From the YouTube summary:

Images of last week’s fatal police shooting in Miami Beach have been released.

Here you see footage recorded on a cell phone by Narces Benoit.

The police are surrounding a car driven by Raymond Herisse. Then they started firing at the 22-year-old.

Herisse was killed, three officers and four bystanders were injured.

Benoit and his girlfriend, Ericka Davis, are accusing authorities of destroying evidence and intimidation.

They say the only reason this video is still around because they were able to hide a memory card before authorities smashed the phone that captured this incident.

They have hired a lawyer, saying they “want the right thing to be done.”

According to Benoit, the police threatened him and his girlfriend.

The video ends as more officers are heard yelling expletives, telling the couple to turn the video off and get out of the car.

“They put guns to our heads and threw us on the ground,” Davis said.

Benoit said a Miami Beach officer grabbed his cell phone, said “You want to be [expletive] Paparazzi?” and stomped on his phone before placing him in handcuffs and shoving the crunched phone in Benoit’s back pocket. He said the couple joined other witnesses already in cuffs and being watched by officers, who were on the lookout for two passengers who, police believe at the time, had bailed out of Herisse’s car. It is still not known whether any passengers were in the car.

Benoit said the officers eventually uncuffed him after gunshots rang out elsewhere and he discreetly removed the SIM card and placed it in his mouth.

Officers again took his phone, demanding his video. He said they took him to a nearby mobile command center, snapped a picture of him, then took him to police headquarters and conducted a recorded interview while he kept the SIM card in his mouth. He insisted his phone was broken.

The couple and other witnesses claim that the only shots they saw or heard came from police, not Herisse.

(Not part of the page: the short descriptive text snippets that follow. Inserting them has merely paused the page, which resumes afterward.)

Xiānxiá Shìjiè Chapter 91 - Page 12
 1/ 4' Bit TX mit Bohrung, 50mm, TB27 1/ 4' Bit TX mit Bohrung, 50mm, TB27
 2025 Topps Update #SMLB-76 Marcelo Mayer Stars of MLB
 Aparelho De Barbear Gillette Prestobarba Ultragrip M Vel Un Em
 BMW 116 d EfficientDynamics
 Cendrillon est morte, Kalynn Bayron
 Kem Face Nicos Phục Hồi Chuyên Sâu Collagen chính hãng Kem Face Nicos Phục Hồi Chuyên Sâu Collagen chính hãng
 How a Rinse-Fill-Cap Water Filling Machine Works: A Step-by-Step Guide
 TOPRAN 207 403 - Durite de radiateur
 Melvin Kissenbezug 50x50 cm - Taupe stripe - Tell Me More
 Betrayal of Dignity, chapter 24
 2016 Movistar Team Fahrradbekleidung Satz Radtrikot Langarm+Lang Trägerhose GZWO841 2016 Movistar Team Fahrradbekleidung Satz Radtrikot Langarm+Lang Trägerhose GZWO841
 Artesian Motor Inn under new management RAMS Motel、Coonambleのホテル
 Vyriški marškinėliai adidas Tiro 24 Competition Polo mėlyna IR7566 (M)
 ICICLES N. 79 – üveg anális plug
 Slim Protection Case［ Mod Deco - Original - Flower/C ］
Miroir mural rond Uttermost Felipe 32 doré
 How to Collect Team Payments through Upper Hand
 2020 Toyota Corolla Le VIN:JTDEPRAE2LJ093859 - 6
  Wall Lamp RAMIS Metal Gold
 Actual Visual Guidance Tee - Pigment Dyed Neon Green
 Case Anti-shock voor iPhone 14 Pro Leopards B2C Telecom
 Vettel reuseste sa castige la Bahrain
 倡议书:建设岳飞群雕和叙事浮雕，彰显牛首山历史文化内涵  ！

Police say at around 4 a.m. on Memorial Day, officers stopped Raymond Herisse in his car, but after an altercation, he sped off. Miami Beach Police Chief Carlos Noriega said that Herisse drove recklessly, striking other cars, “driving on sidewalks, and you name it.” “One of the officers was struck,” he told reporters. Luckily the officer was not seriously injured, he said, but the suspect posed a threat to the officers and the public, “as a situation involving deadly force.”

While Herisse was reckless, it doesn’t warrant deadly force, no matter what the police are trying to tell you.

In the video below, you can see that Herisse’s foot was on the brake (look at the lights on the back of the car) until after the police killed him. From this video it appears that Herisse crashed into a lot of cars, fired out of his car, stopped his car, and then the police killed him. You don’t hear anyone shouting to him to get out of the car.

It doesn’t matter how bad Herisse may be, the police were wrong here. They lined up like a firing squad. They knew exactly what they were doing. I used to think police wearing cameras were a bad idea. The more stories I read about police abuse, the more these cameras might prevent the police from abusing their power. Maybe, if these police had been wearing cameras, Herisse might still be alive.